シャネルにサンローランを紹介したり、ファッション史に残る逸話がバンバン飛び出す生ける伝説のベティ。
スカーフは大嫌い、結婚式にファーを着たり、自由でノールールな生き方がそのミステリアスな容姿に表れている。
誘惑が生きがいで、毎晩パーティー三昧、ときに羽目を外しすぎることも。
薬物更生施設に入院したり、、そんな時代もあったわ、と笑って話すところが、もう!
今でも若い子たちに混じって2時間ダンスをしているんだそう。すげーな。全く年齢を感じさせない。性別も年齢も関係ないわって感じ。
服に追いかけられる、逃げれは逃げるほど追いかけてくる、って言ってたのが印象的。

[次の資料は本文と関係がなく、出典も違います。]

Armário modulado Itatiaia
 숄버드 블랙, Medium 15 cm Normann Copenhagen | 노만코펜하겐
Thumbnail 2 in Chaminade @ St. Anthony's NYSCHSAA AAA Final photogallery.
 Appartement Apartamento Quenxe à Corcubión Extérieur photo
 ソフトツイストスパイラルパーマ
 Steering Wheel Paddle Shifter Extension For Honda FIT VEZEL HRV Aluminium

そりゃーこんなザ・モデル!な人物、とにかく服着せてみたいもんな。
最後の展示室は、ベティへのトリビュートとして近年アンソニー・ヴァカレロが制作したウィメンズコレクション。
ここまで見てきたサンローランのスピリットが、現代へと脈々と受け継がれているのだなぁと実感できるコレクションだった…!
ほわぁ~っとした頭で会場を出ると、ドアマンの男性に
merci!アリガトウゴザイマシタ て言われて現実に引き戻された笑
会場ではQRコードでアクセスすると富永愛さまの解説を聴きながら観られるので、ぜひイヤホン持参で!
(これは私の理解力が乏しいからなのだけど、サイトの構成が分かりにくくて会場で存分に体感できずに帰宅後にゆっくり解説を読み込みました…作品を見ながら一つ一つ味わいたかった涙)
会期は12/11まで。LINEで事前予約制です。